La raison principale de cette atonie est la frilosité des banques, qui durcissent leurs critères d’octroi en raison de l’incertitude économique et du risque de défaut de remboursement. Le marché du logement se retrouve ainsi piégé dans un cercle vicieux :
- Des prix immobiliers qui commencent à baisser, mais insuffisamment pour compenser la hausse passée des taux.
- Une demande paralysée, car les ménages attendent des conditions plus favorables avant de s’engager.
- Un blocage du marché du crédit, avec des banques peu enclines à assouplir leurs critères.
La situation pourrait se débloquer, notamment grâce à la baisse des taux directeurs de la Banque Centrale Européenne qui commencent déjà à avoir des effets positifs sur les taux annoncés par les banques françaises. Toutefois, la hausse des prix de l’immobilier de ces dernières années continue de freiner les intentions d’achat car les potentiels acheteurs ont perdu énormément de pouvoir d’achat et sont obligés de revoir leurs prétentions à la baisse. Ce qui, dans certains cas, peut signifier l’abandon pur et simple du projet.
Difficultés d'accès au crédit : quels ménages sont les plus touchés ?
L’Observatoire des Crédits aux Ménages met en évidence une fracture marquée entre les différentes catégories de population. Les jeunes ménages et les classes populaires sont les premiers touchés par cette restriction de l’accès au crédit.
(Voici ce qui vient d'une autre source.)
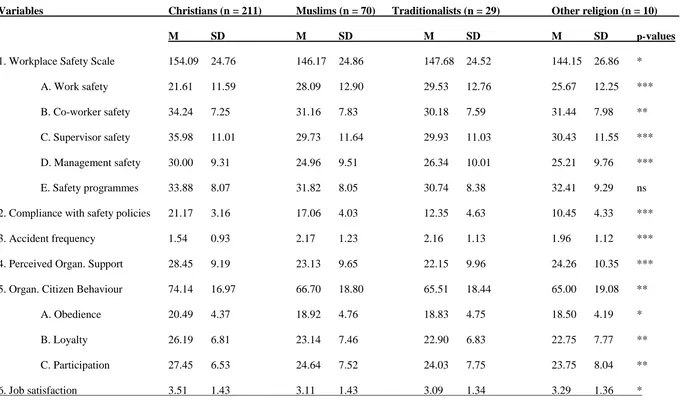 Table 1: Descriptive Statistics on WSS, Compliance with Safe Work Procedures, Accident Frequency, POS, OCB and Job Satisfaction 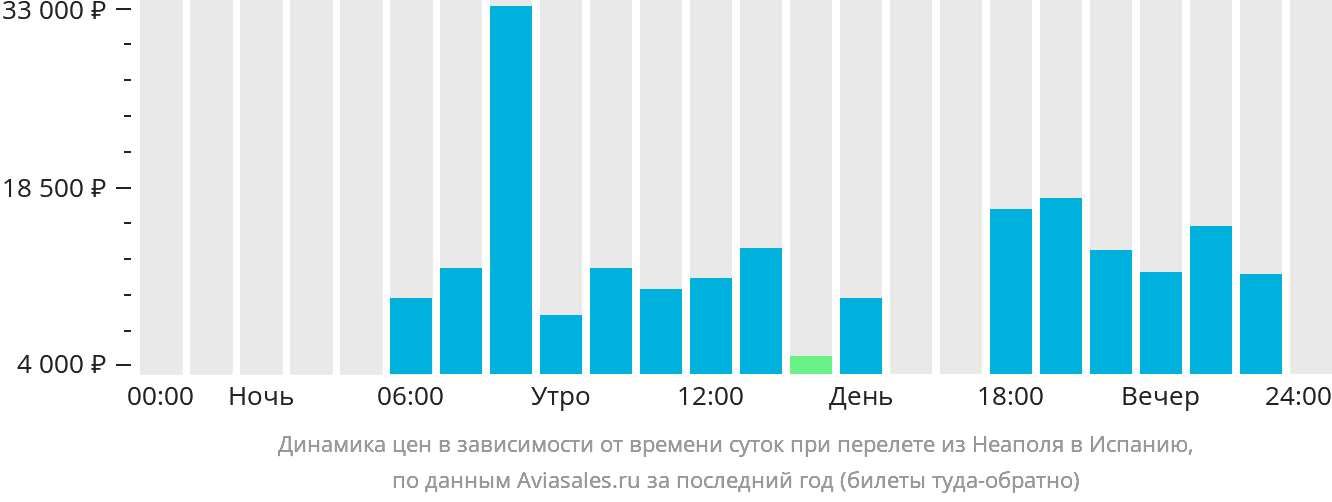 Динамика цен в зависимости от времени вылета из Неаполя в Испанию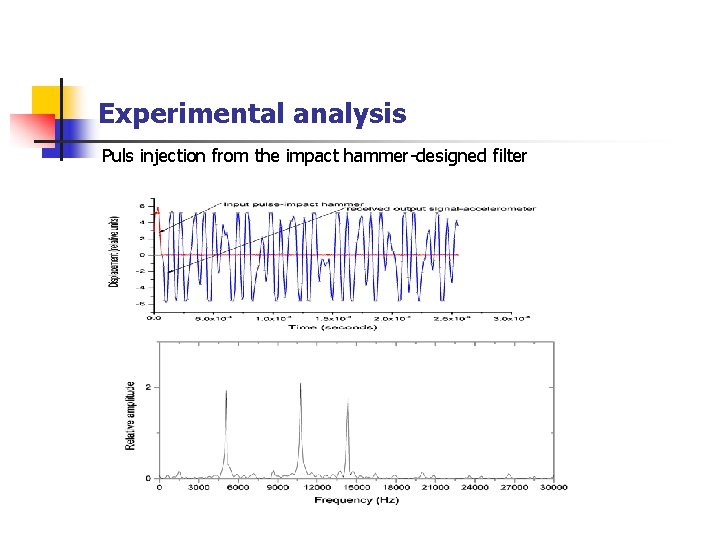 Experimental analysis Puls injection from the impact hammer-designed filter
Catégorie | Taux de détention de crédit en 2024 | Évolution 2023-2024 |
---|---|---|
Moins de 30 ans | 23,1 % | -2,5 points |
30-44 ans | 41,5 % | -1,8 point |
45-59 ans | 47,8 % | -1,3 point |
60 ans et plus | 35,4 % | -0,9 point |
Les jeunes générations sont les plus concernées. En cause, la difficulté à obtenir un premier crédit immobilier et des conditions de financement plus strictes qui limitent l’accès aux prêts à la consommation. À l’inverse, les seniors restent de grands emprunteurs, bénéficiant encore des taux avantageux des années passées et d’une situation patrimoniale stable qui leur permet de négocier de bons taux auprès des banques.
Les crédits et les Français : le désamour va-t-il s’estomper ?
Le recul du crédit en France est un phénomène profond qui ne se résume pas à une simple conjoncture défavorable. Il reflète une évolution des comportements financiers, marquée par une prudence des ménages et un durcissement des conditions bancaires.
L’année 2025 pourrait marquer un léger rebond du crédit, notamment grâce à la baisse des taux d’intérêt. Mais cette reprise reste conditionnée à une amélioration du climat économique et à une plus grande flexibilité du marché bancaire. Sans cela, le crédit pourrait bien devenir un luxe réservé à une minorité de ménages solvables, laissant une part croissante de la population sur le bord de la route.